I have asked Sir Edward Eveleigh to give the first judgment in this case.


Early in 1967 the plaintiff company, the respondents in this court, who are manufacturing engineers, developed a new type of landing leg; a landing leg is the prop which is placed at the front of the back part of an articulated lorry when it is not joined to the front half. Between March of 1967 and September of 1968 they spent money in developing such legs. The novel feature of this leg was that it was constructed in a number of parts, so that if the leg suffered damage to one part, that part could be removed and replaced without the necessity of replacing the whole structure.


A Mr. Potter, who was employed by the plaintiffs, in breach of his duty to his employers gave information to the second defendants, the appellants in this case, which resulted in their becoming competitors of the plaintiffs in the particular market for these legs. The information consisted of the names and addresses of the suppliers of the various components and also the price which the plaintiffs had paid for such components. With that information the second defendants called a meeting of suppliers and discussed the possibility of placing orders with them. It would seem, therefore, that they were able, prima facie at any rate, to gain an advantage in developing these legs which they would not have had had they had to do all the work themselves to discover possible suppliers and the prices of the material.


The plaintiffs issued a writ as long ago as 1972. Eventually, on 21st November of 1978, a consent order was made, which was in these terms:

"..…that the respective names and addresses of the manufacturers or suppliers of each of the component parts of the Plaintiffs' Nugear Landing Legs and the price paid by the Plaintiffs for each such component, which came into the possession of the Defendant William Potter during the course of his employment with the Plaintiffs as is alleged in paragraph 4 of the Statement of Claim constituted confidential information the property of the Plaintiffs AND IT IS ORDERED that the following inquiry be taken and made that is to say: -

  • (1) An inquiry what damages (if any) the Plaintiffs have sustained by reason of

  • (i) the disclosure by the First Defendant"—that was Mr. Potter, who has now dropped out of these proceedings—"to the Second Defendants of any such confidential information as aforesaid:

  • (ii) the use by the First Defendant or the Second Defendants or their respective servants or agents of such confidential information as aforesaid:

  • (iii) the Second Defendants offering for sale selling or supplying any landing legs or any parts thereof made with the assistance of the Plaintiffs' said confidential information or any part thereof".


Subsequently the defendants issued a summons, in which they sought the determination of the court of the proper basis for the assessment of damages. The matter came before the District Registrar, who made the following order on 20th November 1984:

"..…the affidavits filed on 19th November 1984 on behalf of the Defendants sworn by George William Starkey and Michael Willis be not admitted as evidence on the inquiry".


That was an order made because, in the hearing before the registrar, he came to the conclusion that affidavits from those two persons, which were directed towards the assessment of damages, should not be admitted on the inquiry for a number of reasons, but particularly because there had been enormous delay in producing those affidavits. Whether or not the registrar was asked for leave to appeal or not, I am not quite sure but there has been no appeal as to that matter before this court, and if, leave having been asked for, it was refused, for myself I am not at all surprised.


Then we come to the part of the order with which we are concerned here:

"3. The proper basis for the assessment of damages the subject of this inquiry is the loss suffered by the Plaintiffs which falls to be assessed according to their loss of profits resulting from the wrongful disclosure and use of the confidential information referred to in the Order of 21st November 1978".
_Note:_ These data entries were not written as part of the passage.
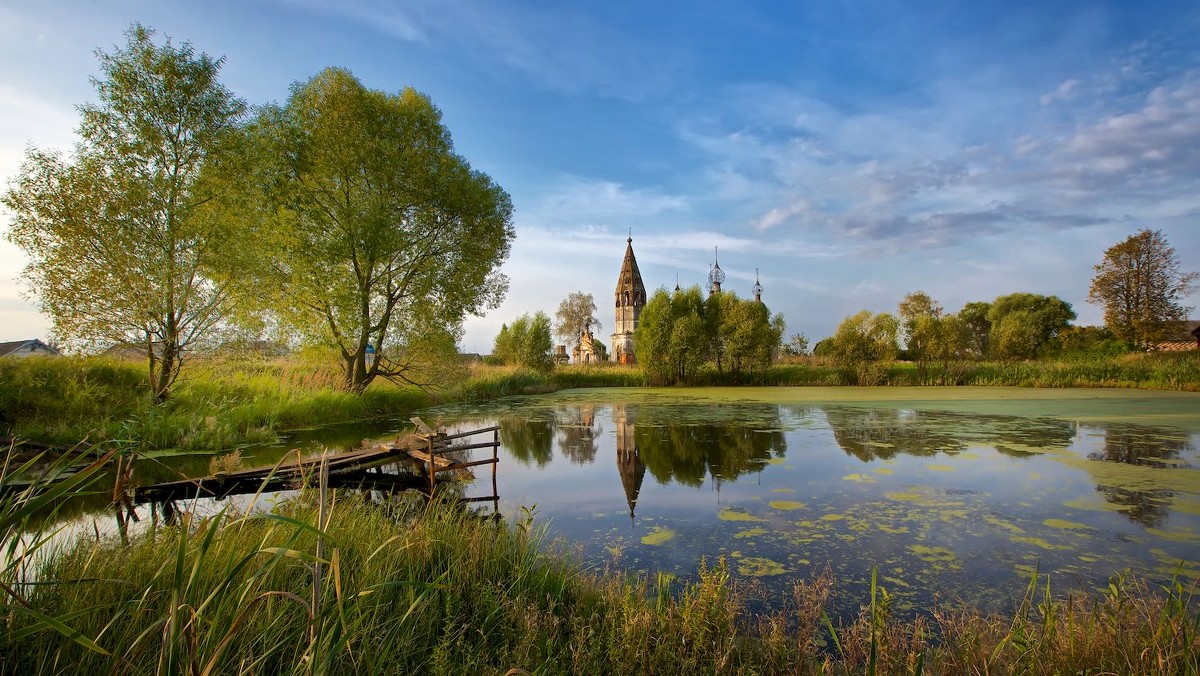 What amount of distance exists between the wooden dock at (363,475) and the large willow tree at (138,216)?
6193mm

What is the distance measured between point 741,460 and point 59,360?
15062mm

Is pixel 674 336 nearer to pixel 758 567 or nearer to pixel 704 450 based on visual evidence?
pixel 704 450

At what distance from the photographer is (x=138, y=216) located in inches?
462

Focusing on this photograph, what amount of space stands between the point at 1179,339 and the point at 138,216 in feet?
178

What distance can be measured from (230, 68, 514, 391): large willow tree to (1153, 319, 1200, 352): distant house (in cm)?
3802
It is against that order as to the basis of the assessment of damages, that the second defendants appeal.


Mr. Sparrow has contended that the proper basis for the assessment of damages in a case like this should be the value of that which was taken, to be assessed as between a willing seller and a willing buyer. In support of that contention he has referred us to the case of Seager v. Copydex Ltd.(No. 2), which is reported in [1969] 1 Weekly Law Reports, 809.
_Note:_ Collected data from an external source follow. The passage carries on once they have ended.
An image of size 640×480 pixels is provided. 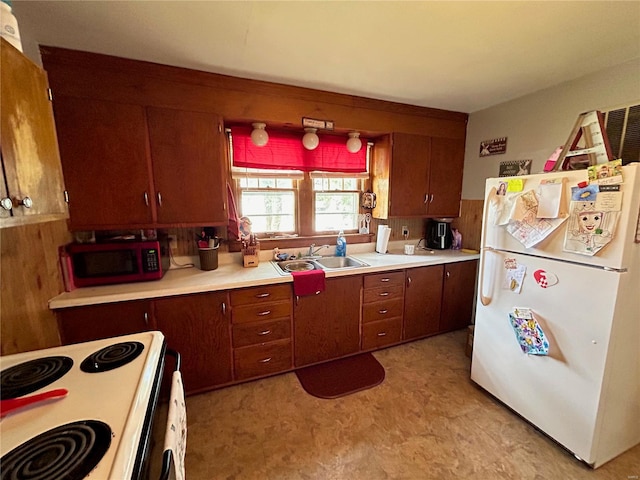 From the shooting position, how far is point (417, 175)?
2840 mm

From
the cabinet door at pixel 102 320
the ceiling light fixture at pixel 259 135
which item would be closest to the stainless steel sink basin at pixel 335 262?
the ceiling light fixture at pixel 259 135

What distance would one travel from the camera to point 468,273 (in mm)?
2881

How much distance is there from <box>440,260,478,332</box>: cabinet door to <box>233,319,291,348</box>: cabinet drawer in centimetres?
171

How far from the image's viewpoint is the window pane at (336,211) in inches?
114

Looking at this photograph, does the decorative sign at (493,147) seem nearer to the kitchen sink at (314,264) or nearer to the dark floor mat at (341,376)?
the kitchen sink at (314,264)

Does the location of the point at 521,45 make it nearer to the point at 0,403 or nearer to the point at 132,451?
the point at 132,451

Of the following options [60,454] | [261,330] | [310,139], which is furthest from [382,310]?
[60,454]

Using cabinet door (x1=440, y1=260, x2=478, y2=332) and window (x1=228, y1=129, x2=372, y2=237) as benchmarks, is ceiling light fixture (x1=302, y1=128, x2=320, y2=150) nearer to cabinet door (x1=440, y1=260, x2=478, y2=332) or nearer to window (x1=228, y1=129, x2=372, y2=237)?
window (x1=228, y1=129, x2=372, y2=237)

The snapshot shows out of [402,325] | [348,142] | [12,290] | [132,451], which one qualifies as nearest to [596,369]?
[402,325]

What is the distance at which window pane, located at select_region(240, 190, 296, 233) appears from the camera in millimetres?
2613

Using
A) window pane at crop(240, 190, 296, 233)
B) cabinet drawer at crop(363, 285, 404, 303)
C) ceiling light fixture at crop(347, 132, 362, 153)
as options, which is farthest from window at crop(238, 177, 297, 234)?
cabinet drawer at crop(363, 285, 404, 303)

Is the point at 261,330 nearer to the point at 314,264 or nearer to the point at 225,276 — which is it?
the point at 225,276

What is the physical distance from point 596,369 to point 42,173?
275 centimetres

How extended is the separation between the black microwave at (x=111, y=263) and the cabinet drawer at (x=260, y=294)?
0.58 metres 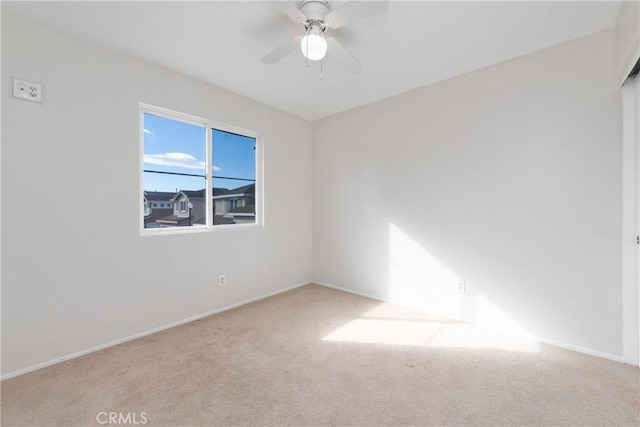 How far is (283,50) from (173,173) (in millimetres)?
1697

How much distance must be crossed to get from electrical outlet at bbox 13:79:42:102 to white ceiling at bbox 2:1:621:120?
1.51 ft

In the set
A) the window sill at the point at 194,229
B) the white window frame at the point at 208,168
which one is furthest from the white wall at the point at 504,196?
the window sill at the point at 194,229

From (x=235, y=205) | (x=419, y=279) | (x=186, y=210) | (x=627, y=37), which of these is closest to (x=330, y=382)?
(x=419, y=279)

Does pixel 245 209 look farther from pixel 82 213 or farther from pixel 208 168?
pixel 82 213

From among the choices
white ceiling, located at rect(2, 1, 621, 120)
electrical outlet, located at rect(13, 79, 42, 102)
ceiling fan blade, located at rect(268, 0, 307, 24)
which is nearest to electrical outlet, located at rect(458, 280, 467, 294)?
white ceiling, located at rect(2, 1, 621, 120)

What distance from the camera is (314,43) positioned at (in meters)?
1.77

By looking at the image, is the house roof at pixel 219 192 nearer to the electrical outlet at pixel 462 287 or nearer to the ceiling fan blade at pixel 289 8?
the ceiling fan blade at pixel 289 8

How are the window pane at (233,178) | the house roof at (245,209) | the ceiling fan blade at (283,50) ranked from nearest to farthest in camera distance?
the ceiling fan blade at (283,50) → the window pane at (233,178) → the house roof at (245,209)

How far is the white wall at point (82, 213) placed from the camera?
1963 millimetres

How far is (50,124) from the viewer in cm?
209

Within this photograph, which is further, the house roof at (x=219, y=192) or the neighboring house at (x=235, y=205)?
the neighboring house at (x=235, y=205)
In that case an inventor had approached Copydex to sell an invention of his; in the course of conversation he had spoken of a special method of producing and designing a carpet grip for securing carpets, and later, as it happened innocently, Copydex, the defendants, made use of that information and produced a carpet grip themselves. The inventor did himself produce a form of carpet grip which was different from that which Copydex evolved, and in his claim for damages the plaintiff included among other heads of claim a claim for loss of profits in his established business for the sale of his particular brand of carpet grip. The Master of the Rolls, Lord Denning, said this in his judgment at p.813:

"Now a question has arisen as to the principles which the damages are to be assessed. They are to be assessed, as we said, at the value of the information which the defendants took. If I may use an analogy, it is like damages for conversion. Damages for conversion are the value of the goods. Once the damages are paid, the goods become the property of the defendant. A satisfied judgment in Trover transfers the property in goods. So here, once the damages are assessed and paid, the confidential information belongs to the defendants".
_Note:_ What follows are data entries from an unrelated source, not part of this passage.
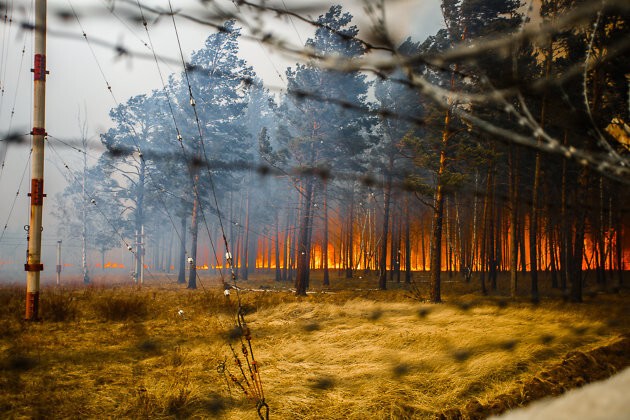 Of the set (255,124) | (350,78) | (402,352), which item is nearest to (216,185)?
(350,78)

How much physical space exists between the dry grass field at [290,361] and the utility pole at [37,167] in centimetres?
96

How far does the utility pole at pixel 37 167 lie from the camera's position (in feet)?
26.7

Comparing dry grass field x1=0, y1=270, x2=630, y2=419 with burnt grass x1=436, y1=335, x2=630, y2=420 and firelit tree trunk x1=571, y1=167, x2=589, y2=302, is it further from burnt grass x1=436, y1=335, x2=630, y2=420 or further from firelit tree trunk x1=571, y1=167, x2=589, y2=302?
firelit tree trunk x1=571, y1=167, x2=589, y2=302

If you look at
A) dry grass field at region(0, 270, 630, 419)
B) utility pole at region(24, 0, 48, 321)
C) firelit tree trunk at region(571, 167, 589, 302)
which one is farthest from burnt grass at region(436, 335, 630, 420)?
firelit tree trunk at region(571, 167, 589, 302)

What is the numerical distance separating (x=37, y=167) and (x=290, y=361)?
6907 mm

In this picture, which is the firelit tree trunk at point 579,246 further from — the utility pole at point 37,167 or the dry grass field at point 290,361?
the utility pole at point 37,167

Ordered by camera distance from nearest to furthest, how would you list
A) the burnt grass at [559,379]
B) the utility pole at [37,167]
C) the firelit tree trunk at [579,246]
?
the burnt grass at [559,379], the utility pole at [37,167], the firelit tree trunk at [579,246]

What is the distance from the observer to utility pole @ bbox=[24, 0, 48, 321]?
8.15 metres

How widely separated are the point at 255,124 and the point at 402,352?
39470 millimetres

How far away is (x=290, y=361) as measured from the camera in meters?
6.69

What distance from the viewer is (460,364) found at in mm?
5996

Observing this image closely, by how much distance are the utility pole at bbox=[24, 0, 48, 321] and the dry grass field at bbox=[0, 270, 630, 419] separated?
96 cm

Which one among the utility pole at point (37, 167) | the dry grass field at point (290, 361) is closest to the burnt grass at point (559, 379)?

Then the Master of the Rolls went on to say:

"The difficulty is to assess the value of the information taken by the defendants. We have had a most helpful discussion about it. The value of the confidentail information depends on the nature of it. If there was nothing very special about it, that is, if it involved no particular inventive step, but was the sort of information which could be obtained by employing any competent consultant, then the value of it was the fee which a consultant would charge for it: Because in that case the defendants, by taking the information, would only have saved themselves the time and trouble of employing a consultant. But, on the other hand, if the information was something special, as, for instance, if it involved an inventive step or something so unusual that it could not be obtained by just going to a consultant, then the value of it is much higher".


Mr Sparrow has relied upon that passage for the following argument. He says that there are at least two kinds óf breach of confidentiality. In one case that which is obtained is something which is within the complete control of the plaintiff and is not obtainable other than through him. The other kind of case relates to something which is obtainable elsewhere, and in such a case the plaintiff has no power to stop the defendant from discovering it of his own accord elsewhere and manufacturing whatever article it is that he is seeking to make. In such a case, says Mr. Sparrow, there is nothing special about it, and if there is nothing special about it the passage from Seager v. Copydex indicates that the damages should simply be the value of the article. He emphasised that part of Lord Denning's judgment which said that if it was the sort of information which could be obtained by employing any competent consultant, then the value of it was the fee which a consultant would charge for it.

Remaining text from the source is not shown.